Open MPI logo

Open MPI User's Mailing List Archives

  |   Home   |   Support   |   FAQ   |   all Open MPI User's mailing list

Subject: Re: [OMPI users] busy waiting and oversubscriptions
From: Ross Boylan (ross_at_[hidden])
Date: 2014-03-26 12:08:34

On Wed, 2014-03-26 at 10:27 +0000, Jeff Squyres (jsquyres) wrote:
> On Mar 26, 2014, at 1:31 AM, Andreas Schäfer <gentryx_at_[hidden]> wrote:
> >> Even when "idle", MPI processes use all the CPU. I thought I remember
> >> someone saying that they will be low priority, and so not pose much of
> >> an obstacle to other uses of the CPU.
> >
> > well, if they're blocking in an MPI call, then they'll be doing a busy
> > wait, so each thread will easily churn up 100% CPU load.
> +1
This seems to restate the premise of my question. Is it meant to lead
to the answer "A process in busy wait blocks other users of the CPU to
the same extent as any other process at 100%"?
> >> At any rate, my question is whether, if I have processes that spend most
> >> of their time waiting to receive a message, I can put more of them than
> >> I have physical cores without much slowdown?
> >
> > AFAICS there will always be a certain slowdown.
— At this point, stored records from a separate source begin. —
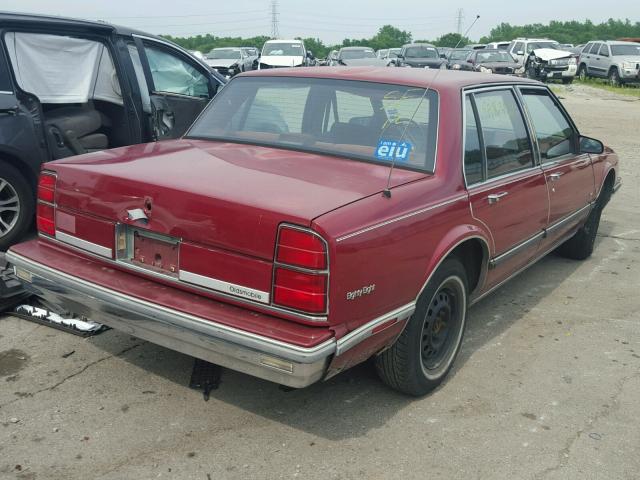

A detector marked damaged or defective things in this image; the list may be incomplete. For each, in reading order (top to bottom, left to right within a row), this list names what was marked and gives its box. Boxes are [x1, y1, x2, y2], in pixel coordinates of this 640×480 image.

damaged vehicle [206, 47, 254, 78]
damaged vehicle [258, 39, 312, 69]
damaged vehicle [332, 46, 388, 66]
damaged vehicle [392, 43, 448, 69]
damaged vehicle [460, 49, 524, 75]
damaged vehicle [508, 38, 576, 84]
damaged vehicle [0, 12, 225, 249]
damaged vehicle [7, 68, 620, 398]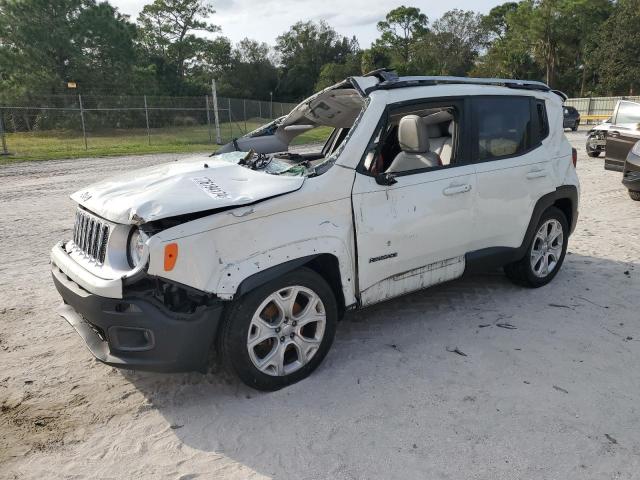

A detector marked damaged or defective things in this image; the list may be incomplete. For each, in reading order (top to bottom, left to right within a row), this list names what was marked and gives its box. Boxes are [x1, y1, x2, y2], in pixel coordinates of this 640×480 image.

damaged hood [71, 153, 306, 224]
damaged front bumper [51, 244, 224, 372]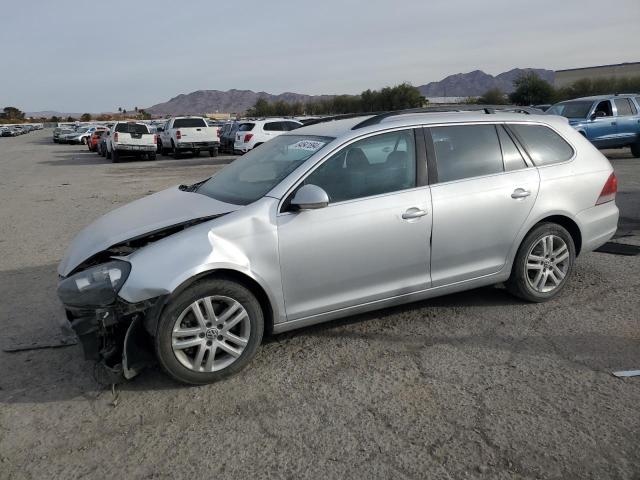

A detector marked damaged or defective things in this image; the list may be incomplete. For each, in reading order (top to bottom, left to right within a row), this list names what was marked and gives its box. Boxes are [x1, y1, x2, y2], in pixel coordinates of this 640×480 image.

cracked headlight [57, 260, 131, 306]
damaged silver wagon [57, 109, 616, 386]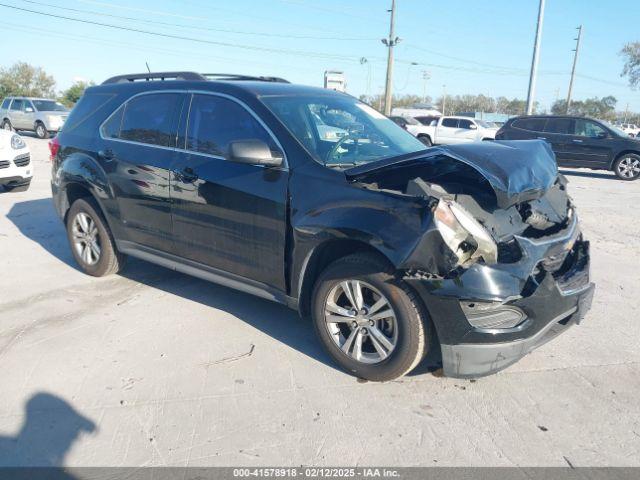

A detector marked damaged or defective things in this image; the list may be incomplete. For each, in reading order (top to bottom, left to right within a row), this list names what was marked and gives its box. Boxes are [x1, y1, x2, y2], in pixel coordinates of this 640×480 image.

Is there a reason why
> > you would want to oversubscribe your nodes?
> Agreed -- this is not a good idea. It suggests that you should make your existing code more efficient -- perhaps by overlapping communication and computation.
My motivation was to get more work done with a given number of CPUs, and
also to find out how much of burden I was imposing on other users.
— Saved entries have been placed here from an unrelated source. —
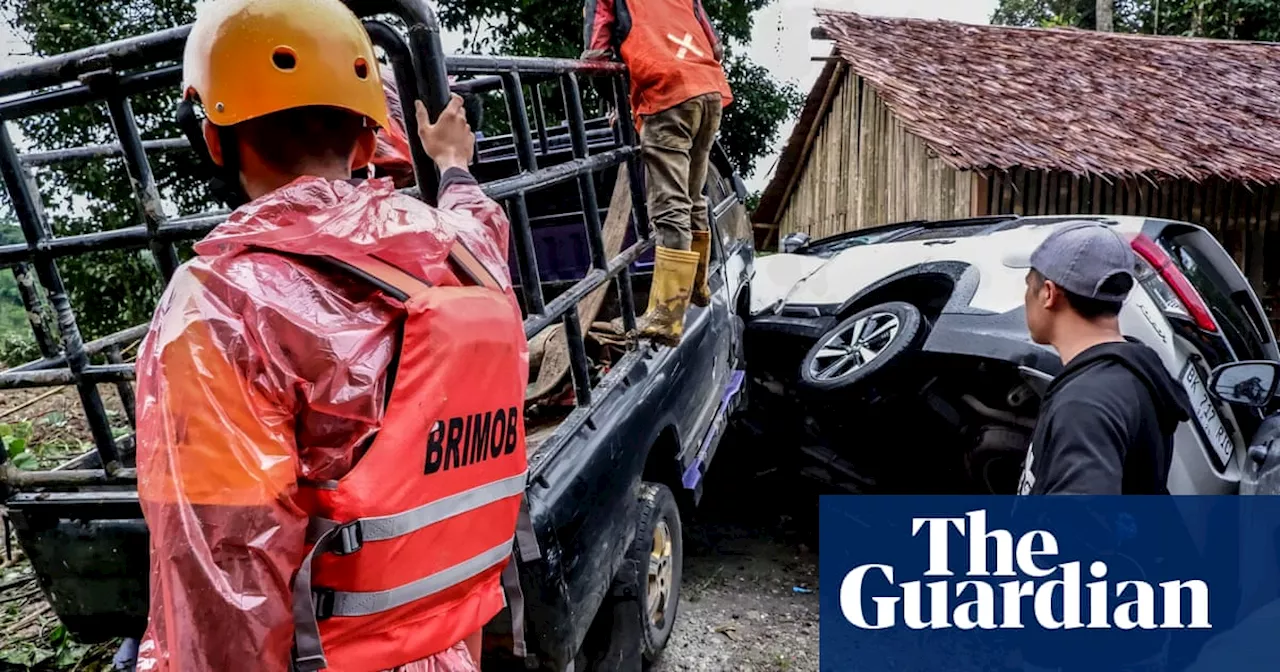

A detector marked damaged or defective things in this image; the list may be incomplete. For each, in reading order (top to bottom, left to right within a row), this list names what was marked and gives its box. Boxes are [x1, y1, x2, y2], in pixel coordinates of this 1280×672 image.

damaged white suv [744, 215, 1272, 494]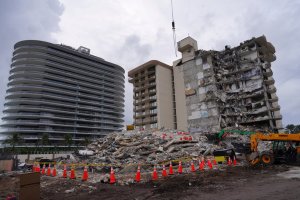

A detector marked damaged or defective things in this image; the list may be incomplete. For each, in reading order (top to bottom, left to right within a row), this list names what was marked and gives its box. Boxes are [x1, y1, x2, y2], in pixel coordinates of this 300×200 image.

damaged building facade [129, 35, 284, 134]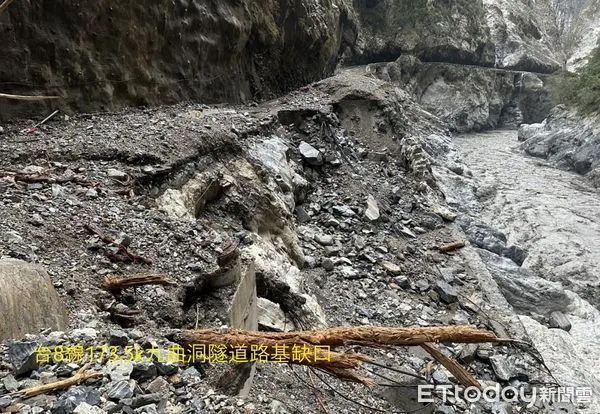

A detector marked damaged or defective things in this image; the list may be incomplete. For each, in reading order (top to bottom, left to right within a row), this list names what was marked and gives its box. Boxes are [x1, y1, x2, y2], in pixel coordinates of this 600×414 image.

damaged roadway [0, 69, 568, 412]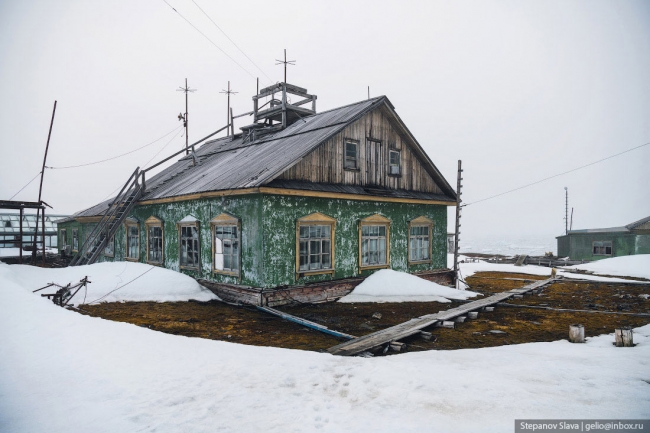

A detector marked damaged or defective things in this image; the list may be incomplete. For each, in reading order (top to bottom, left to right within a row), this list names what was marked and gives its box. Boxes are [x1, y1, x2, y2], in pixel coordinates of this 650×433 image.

rusty metal roof [68, 94, 456, 216]
peeling green paint wall [58, 192, 446, 286]
peeling green paint wall [258, 194, 446, 288]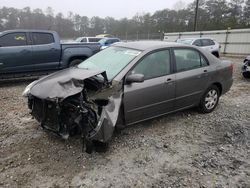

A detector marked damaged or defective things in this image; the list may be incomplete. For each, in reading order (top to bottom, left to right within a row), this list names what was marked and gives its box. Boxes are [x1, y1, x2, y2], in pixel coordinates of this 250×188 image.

mangled hood [29, 67, 107, 100]
damaged bumper [23, 67, 122, 151]
collision damage [23, 67, 122, 153]
damaged gray sedan [22, 41, 233, 153]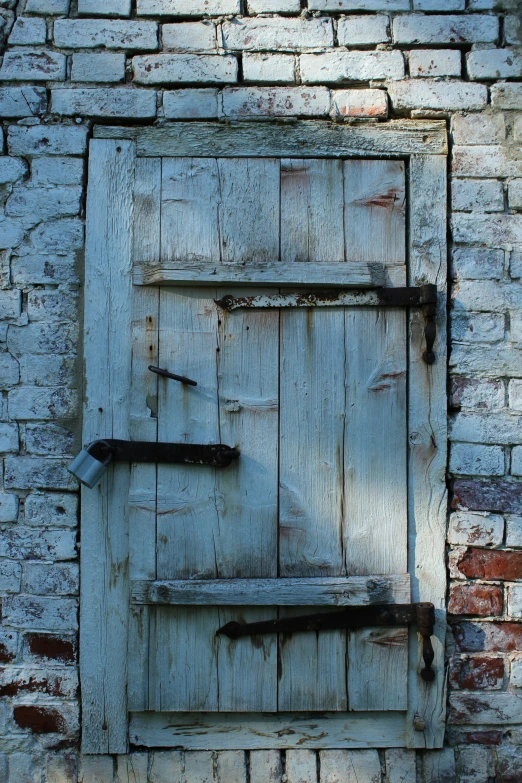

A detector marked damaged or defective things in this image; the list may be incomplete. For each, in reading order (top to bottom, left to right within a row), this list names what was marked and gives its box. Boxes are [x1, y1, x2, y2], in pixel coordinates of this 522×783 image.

rusty strap hinge [213, 284, 436, 364]
rusted metal bracket [213, 284, 436, 366]
rusted metal bracket [216, 604, 434, 684]
rusty strap hinge [216, 604, 434, 684]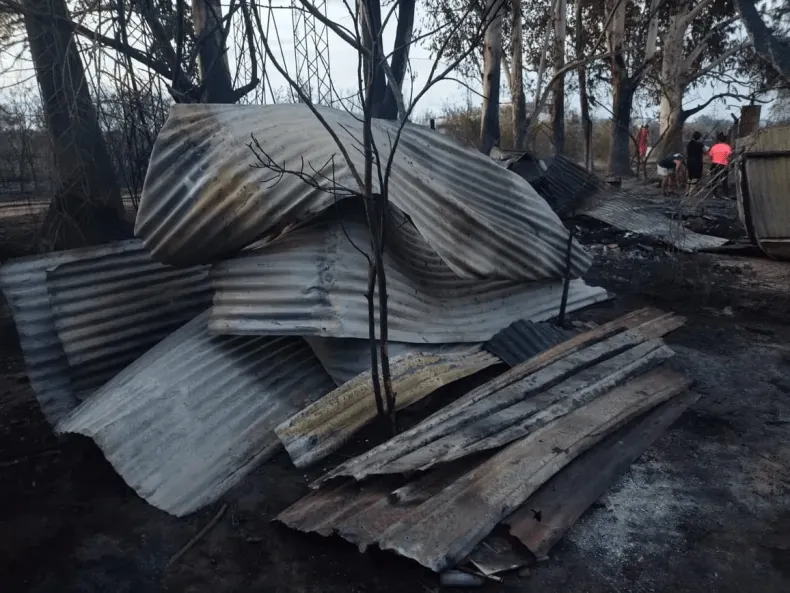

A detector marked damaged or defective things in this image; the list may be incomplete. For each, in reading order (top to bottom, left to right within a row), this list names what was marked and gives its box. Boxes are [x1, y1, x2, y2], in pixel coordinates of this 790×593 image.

warped metal sheet [0, 238, 150, 424]
rusted metal sheet [0, 238, 150, 424]
crumpled corrugated metal sheet [0, 238, 153, 424]
warped metal sheet [47, 240, 210, 394]
crumpled corrugated metal sheet [47, 240, 210, 394]
rusted metal sheet [47, 240, 210, 394]
warped metal sheet [57, 312, 336, 516]
crumpled corrugated metal sheet [57, 312, 336, 516]
rusted metal sheet [57, 312, 336, 516]
crumpled corrugated metal sheet [136, 103, 592, 280]
warped metal sheet [136, 103, 592, 280]
rusted metal sheet [136, 103, 592, 280]
warped metal sheet [276, 346, 502, 468]
crumpled corrugated metal sheet [276, 346, 502, 468]
rusted metal sheet [278, 346, 502, 468]
warped metal sheet [306, 336, 486, 386]
crumpled corrugated metal sheet [306, 336, 486, 386]
rusted metal sheet [210, 208, 612, 340]
crumpled corrugated metal sheet [210, 209, 612, 340]
warped metal sheet [210, 209, 612, 342]
rusted metal sheet [278, 366, 692, 568]
crumpled corrugated metal sheet [280, 364, 692, 572]
warped metal sheet [280, 368, 692, 572]
rusted metal sheet [316, 308, 688, 484]
warped metal sheet [316, 308, 688, 484]
crumpled corrugated metal sheet [316, 308, 688, 484]
warped metal sheet [482, 320, 576, 366]
crumpled corrugated metal sheet [482, 320, 576, 366]
rusted metal sheet [482, 320, 576, 366]
rusted metal sheet [508, 388, 700, 556]
rusted metal sheet [580, 192, 728, 252]
warped metal sheet [580, 193, 732, 251]
crumpled corrugated metal sheet [580, 193, 732, 251]
rusted metal sheet [740, 123, 790, 260]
My application consists of processes that have different roles. Some of
the roles don't have much to do (they play important roles, but don't do
much computation). My hope was that I could add them on without
imposing much of a burden.

Second, we do not operate in a batch queuing environment and so
different users can end up sharing a CPU (though we try to avoid it).
So I was wondering whether my "idle but busy waiting" processes would
really get in the way of others.

Finally, overlapping communication and computation is a bit tricky. The
recent thread I started about Isend indicates that communication
requires the involvement of both the sender and receiver processes and
if one of them is busy with computation it can really slow things down.
I seem to have gotten good results by using Isend generally, in
particular when sending messages to the heavy computing processes, and
Send when sending from those same processes.